Room 5: Isabel Bishop1976 Isabel Bishop - published by E. P. Dutton
This illustration was created by Isabel Bishop, an American artist who illustrated predominantly working women and students in New York from the 1930s to the 1970s. Bishop was known for her realistic style and her portrayal of the characters in the novel are honest and sensitive. Instead of creating a lighter, idealistic, even magical illustration (as we have seen in previous editions) she focused on the reality of a simple interaction. This 1976 edition includes 30 character illustrations.
Bishop’s artistic medium for E. P. Dutton’s new edition of Pride & Prejudice was black ink wash. Used heavily, it creates thick lines such as those on the back of Elizabeth’s dress, showing the folds in the fabric. Mixed with water, the ink could create the soft blending effect you can see in the trees in the background.
‘These drawings, for Pride and Prejudice, aim only to declare my own particular delight in the book – they are not trying the impossible task of embellishing an already complete and perfect work!
But my involvement in this undertaking has to do, also, with my feelings – wildly presumptuous – that in Jane Austen’s handling of the writer’s problem, certain minor factors relate (at the greatest possible distance) to my own efforts as an artist over fifty years’

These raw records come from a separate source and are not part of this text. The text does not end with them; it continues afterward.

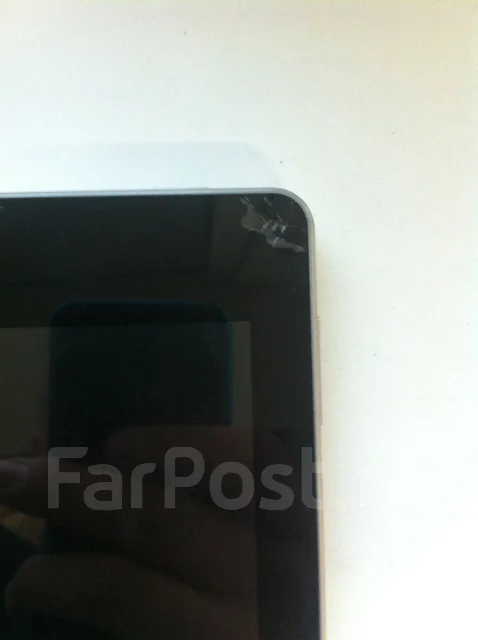 Acer Iconia Tab A1-811 16Gb ����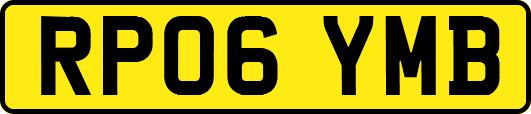 RP06YMB
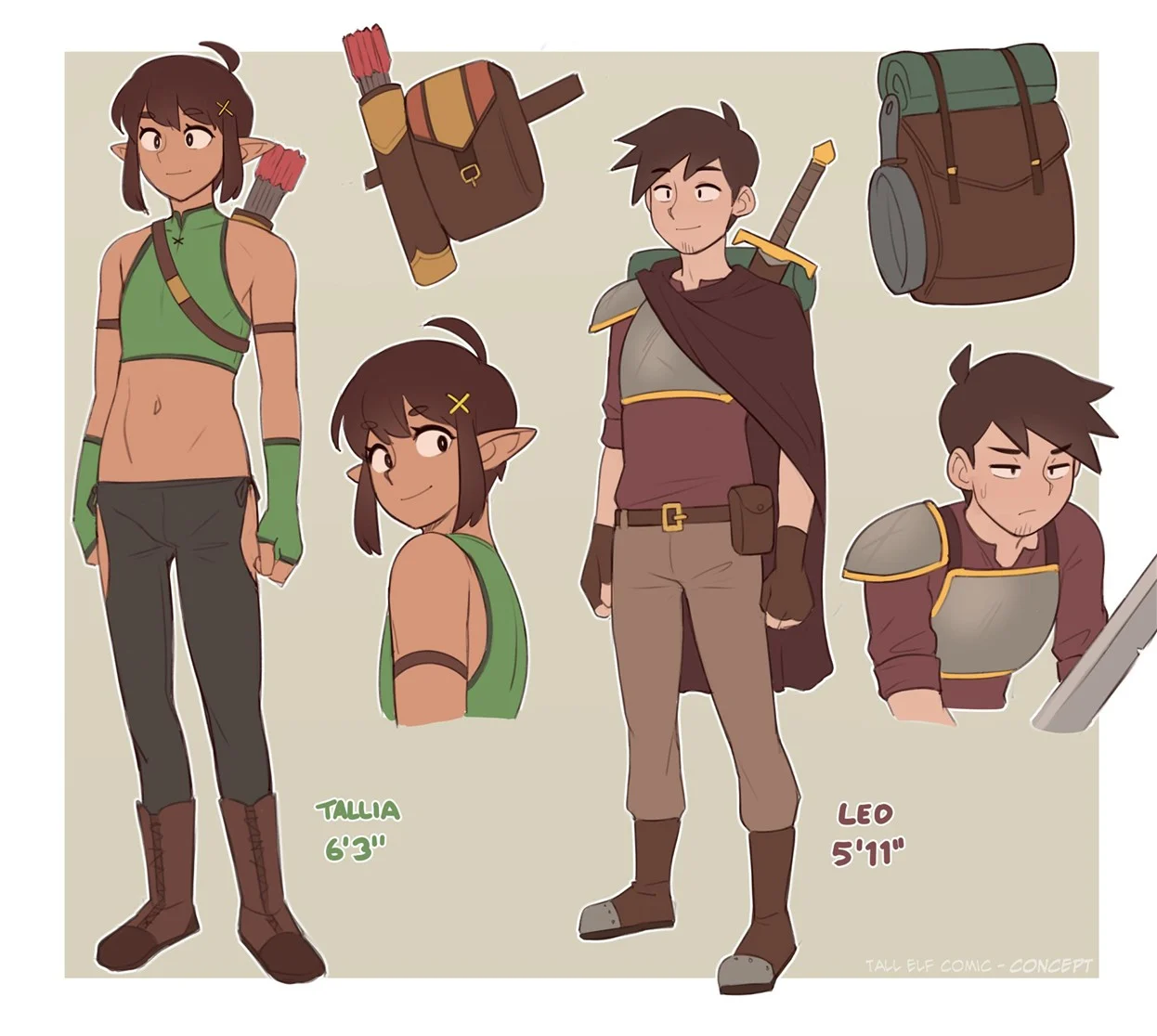 Uma Aventura Deliciosa – HQ De Sexo – Todo Traduzido Uma Aventura Deliciosa – HQ De Sexo – Todo Traduzido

– Jane Austen, ‘Pride & Prejudice’ (E. P. Dutton, 1976) Afterword by Elizabeth Bishop pp.415-16
Bishop also highlights a key point, ‘… while she [Austen] gives you the immediate social context of her characters, she is silent about the wider context (you don’t know the general economic situation, or that England was at war)’
It can be argued that this is why Bishop chose to illustrate her drawings in a realistic way, so they remained true to the context of the time period.